Two weeks ago the U.S. Food and Drug Administration set "acceptable" levels for melamine in human food, but this measure has not kept contaminated products out of U.S. stores.

On Wednesday, the Alabama Department of Agriculture announced that Koala's March brand cookies found in Alabama stores have tested positive for melamine with levels that exceed the FDA's stated safe levels of exposure.

Alabama Agriculture and Industries Commissioner Ron Sparks said the department's Pesticide Residue Laboratory confirmed the presence of melamine in the strawberry and chocolate flavors of the cookies and advised consumers to discard the products.

The FDA has not issued a recall for the product, and despite assurances from the agency that the parent company, Lotte USA, is removing the product from the marketplace, Koala's March cookies are still present on U.S. shelves.

Food and Water Watch, a national consumer advocacy group, is demanding that the federal government follow the example of other countries that have closed their borders to Chinese dairy products and immediately issue a recall for Koala's March cookies.

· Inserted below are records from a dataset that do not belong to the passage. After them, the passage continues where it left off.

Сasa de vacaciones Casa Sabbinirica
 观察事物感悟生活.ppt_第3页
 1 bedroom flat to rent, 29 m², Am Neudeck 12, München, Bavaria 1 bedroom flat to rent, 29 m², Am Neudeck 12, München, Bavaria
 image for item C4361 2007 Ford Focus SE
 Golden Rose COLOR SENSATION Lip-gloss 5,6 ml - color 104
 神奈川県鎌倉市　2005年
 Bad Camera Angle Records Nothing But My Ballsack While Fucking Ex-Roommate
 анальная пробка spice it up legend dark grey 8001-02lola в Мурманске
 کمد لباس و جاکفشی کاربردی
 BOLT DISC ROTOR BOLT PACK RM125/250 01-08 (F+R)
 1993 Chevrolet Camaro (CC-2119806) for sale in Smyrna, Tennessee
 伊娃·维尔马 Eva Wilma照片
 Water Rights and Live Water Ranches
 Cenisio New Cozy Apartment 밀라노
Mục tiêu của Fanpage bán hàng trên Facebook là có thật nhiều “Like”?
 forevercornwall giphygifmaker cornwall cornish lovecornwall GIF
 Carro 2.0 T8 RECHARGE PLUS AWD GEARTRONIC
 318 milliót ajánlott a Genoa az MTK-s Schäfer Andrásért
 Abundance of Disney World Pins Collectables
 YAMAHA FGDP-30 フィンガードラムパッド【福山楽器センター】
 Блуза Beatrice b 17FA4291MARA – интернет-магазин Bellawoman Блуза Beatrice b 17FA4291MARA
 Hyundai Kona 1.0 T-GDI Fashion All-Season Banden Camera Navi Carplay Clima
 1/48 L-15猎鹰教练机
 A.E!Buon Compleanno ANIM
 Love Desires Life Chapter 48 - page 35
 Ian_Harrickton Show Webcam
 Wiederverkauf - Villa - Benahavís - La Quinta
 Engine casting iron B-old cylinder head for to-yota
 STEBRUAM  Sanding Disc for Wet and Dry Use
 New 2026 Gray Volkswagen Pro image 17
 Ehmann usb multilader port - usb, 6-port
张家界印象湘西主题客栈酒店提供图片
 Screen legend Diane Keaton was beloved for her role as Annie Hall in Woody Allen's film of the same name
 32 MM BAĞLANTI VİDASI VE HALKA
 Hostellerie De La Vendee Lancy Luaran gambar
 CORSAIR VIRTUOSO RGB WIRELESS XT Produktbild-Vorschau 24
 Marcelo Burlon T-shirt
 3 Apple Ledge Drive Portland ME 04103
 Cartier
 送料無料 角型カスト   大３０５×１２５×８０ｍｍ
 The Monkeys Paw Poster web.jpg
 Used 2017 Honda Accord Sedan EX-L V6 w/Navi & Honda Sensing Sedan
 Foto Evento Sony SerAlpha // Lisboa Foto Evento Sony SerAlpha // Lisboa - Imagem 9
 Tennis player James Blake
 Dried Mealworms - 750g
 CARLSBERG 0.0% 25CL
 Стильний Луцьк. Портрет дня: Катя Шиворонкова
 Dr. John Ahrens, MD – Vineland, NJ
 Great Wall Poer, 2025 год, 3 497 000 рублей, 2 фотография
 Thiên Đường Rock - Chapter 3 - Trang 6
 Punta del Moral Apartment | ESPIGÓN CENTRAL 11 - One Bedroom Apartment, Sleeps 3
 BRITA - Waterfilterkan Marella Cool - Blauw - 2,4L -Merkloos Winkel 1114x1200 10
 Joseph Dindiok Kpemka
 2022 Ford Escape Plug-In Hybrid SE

"It is completely unacceptable that FDA has not issued a recall for a contaminated product that is on U.S. shelves and ending up in the homes of American consumers and their families," said Food and Water Watch Executive Director Wenonah Hauter.

"What's alarming is that not only had a product been found in stores where it shouldn't have been in the first place, but it also had exceeded FDA's safe levels for human consumption," said Hauter. "This just makes it more apparent that without a complete ban on all Chinese dairy products, FDA is incapable of protecting American consumers."

The FDA says there is no level of melamine and melamine-related compounds in infant formula that does not raise public health concerns, but on October 3, the federal agency set an acceptable level of 2.5 parts per million melamine in other foods.

"This conclusion assumes a worst case exposure scenario in which 50 percent of the diet is contaminated at this level, and applies a 10-fold safety factor to the Tolerable Daily Intake to account for any uncertainties," the FDA said.

The FDA says it has taken, and will continue to take, "proactive measures to help ensure the safety of the American food supply."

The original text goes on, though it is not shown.